‘Bombshell’: Mueller deputy tells Congress that fear of Trump is to blame for infamous Roger Stone sentencing memo
Roger Stone (MSNBC)

Aaron Zelinsky, a lawyer prosecuting President Trump’s longtime associate Roger Stone who later resigned from the case in protest after being forced to seek a lesser prison sentence, submitted a statement to Congress this Tuesday and dropped a "bombshell" revelation about the "wrongful political pressure" that he endured.


"What I saw was the Department of Justice exerting significant pressure on the line prosecutors in the case to obscure the correct Sentencing Guidelines calculation to which Roger Stone was subject – and to water down and in some cases outright distort the events that transpired in his trial and the criminal conduct that gave rise to his conviction," a portion of his statement read. "Such pressure resulted in the virtually unprecedented decision to override the original sentencing recommendation in his case and to file a new sentencing memorandum that included statements and assertions at odds with the record and contrary to Department of Justice policy."

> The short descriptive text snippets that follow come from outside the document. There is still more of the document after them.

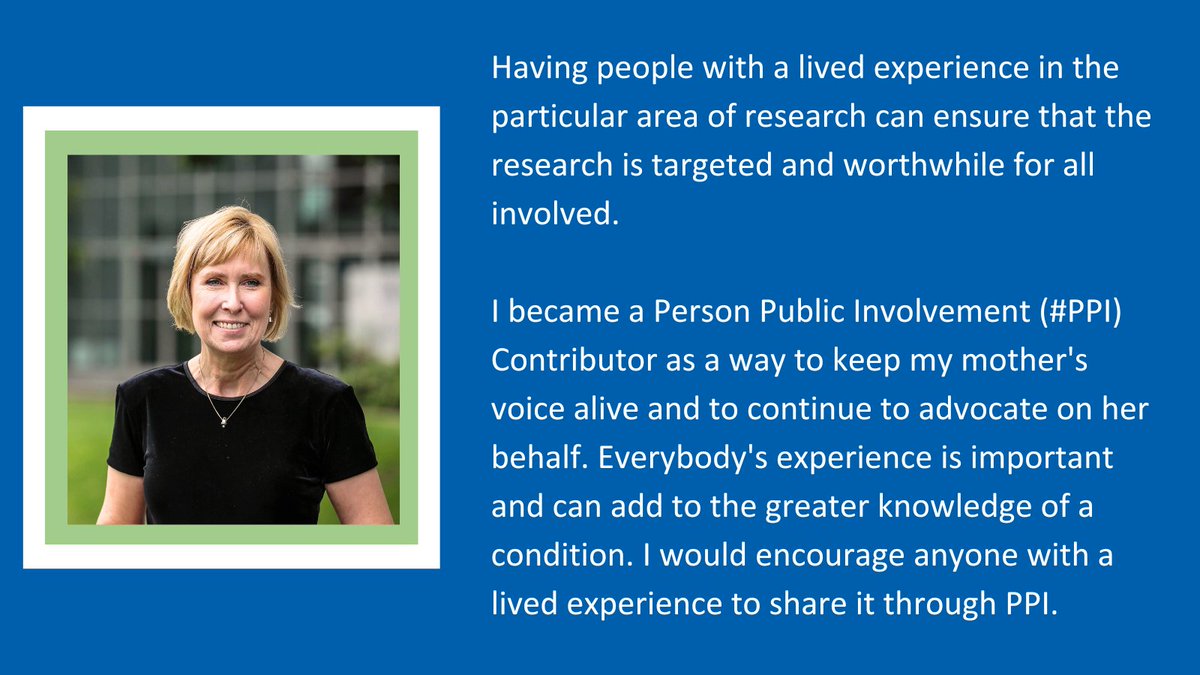 DRAT_ASI's tweet image. In addition to supporting a variety of research studies, Dementia Research Advisory Team member Una also uses her exceptional insights to contribute to funding applications and speak at #PPI workshops. Learn more about her passion for #DementiaResearch below.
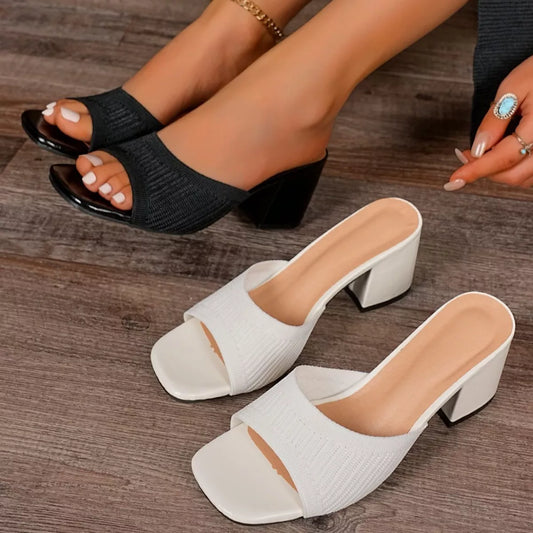 Open Toe Block Heel Sandals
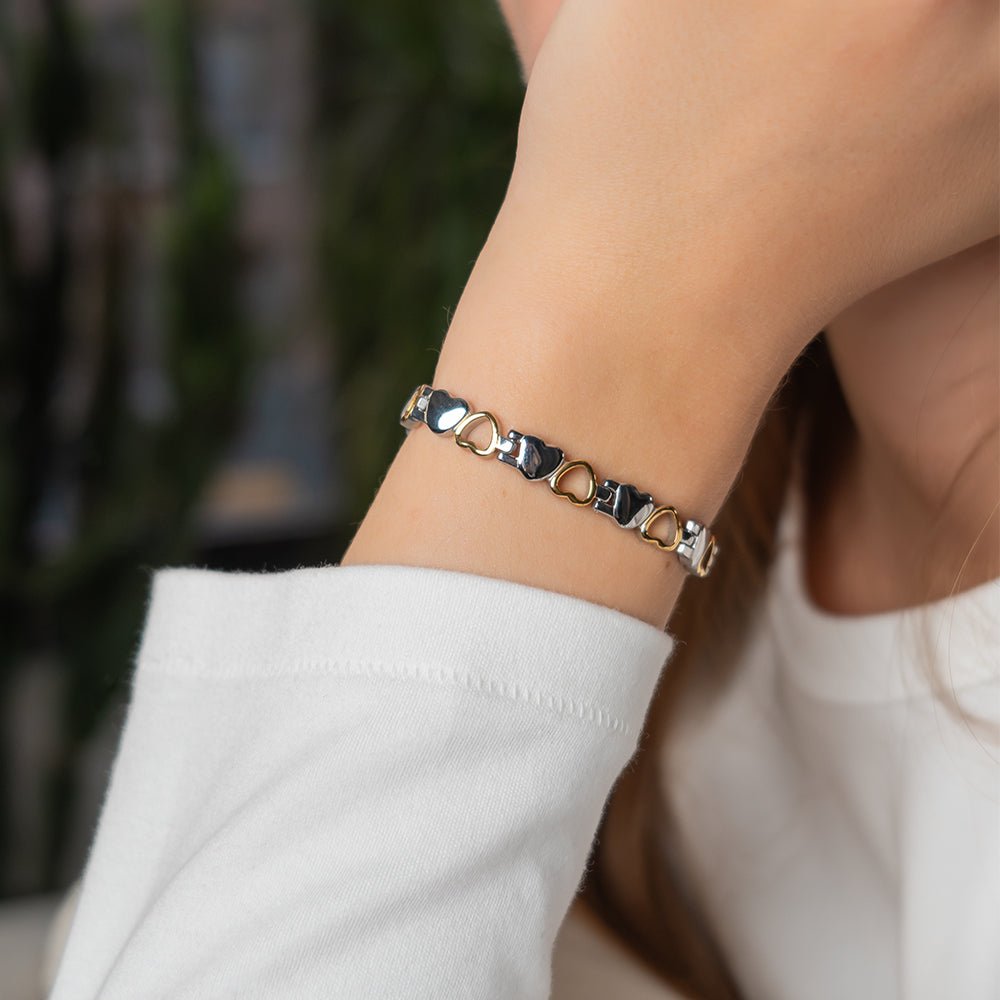 HealthyLine Stainless Steel Energy Bracelet 4 - in - 1. 9 Colors available. Model B041 - Hearts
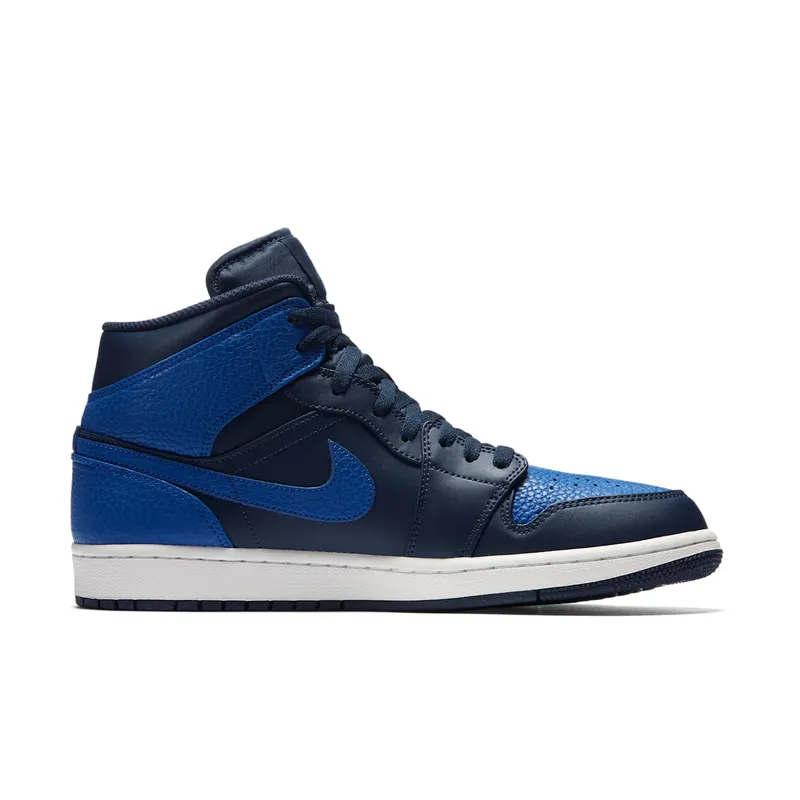 Jordan 1 Mid Obsidian Game Royal Obsidian/Game Royal-Summit White (554724-412)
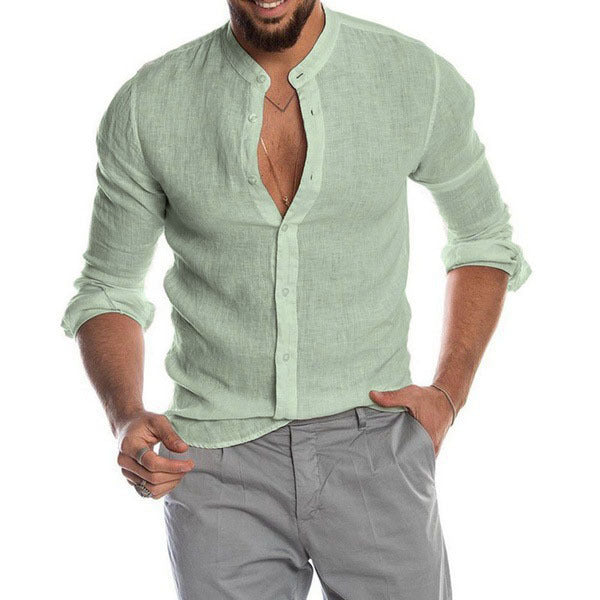Men's linen shirt with stand-up collar, continuous button placket, and casual slim-fit cut Mune Fashion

"What I heard – repeatedly – was that Roger Stone was being treated differently from any other defendant because of his relationship to the President," his statement continued. "I was told that the Acting U.S. Attorney for the District of Columbia, Timothy Shea, was receiving heavy pressure from the highest levels of the Department of Justice to cut Stone a break, and that the U.S. Attorney’s sentencing instructions to us were based on political considerations. I was also told that the acting U.S. Attorney was giving Stone such unprecedentedly favorable treatment because he was 'afraid of the president.'"

Zelinsky is set to testify before Congress this Wednesday. According to Business Insider, he'll tell lawmakers that a supervisor on Stone's case told him that there were "political reasons" to seek a lighter sentence for Stone, even though the supervisor acknowledged that a lighter sentence would be "unethical and wrong."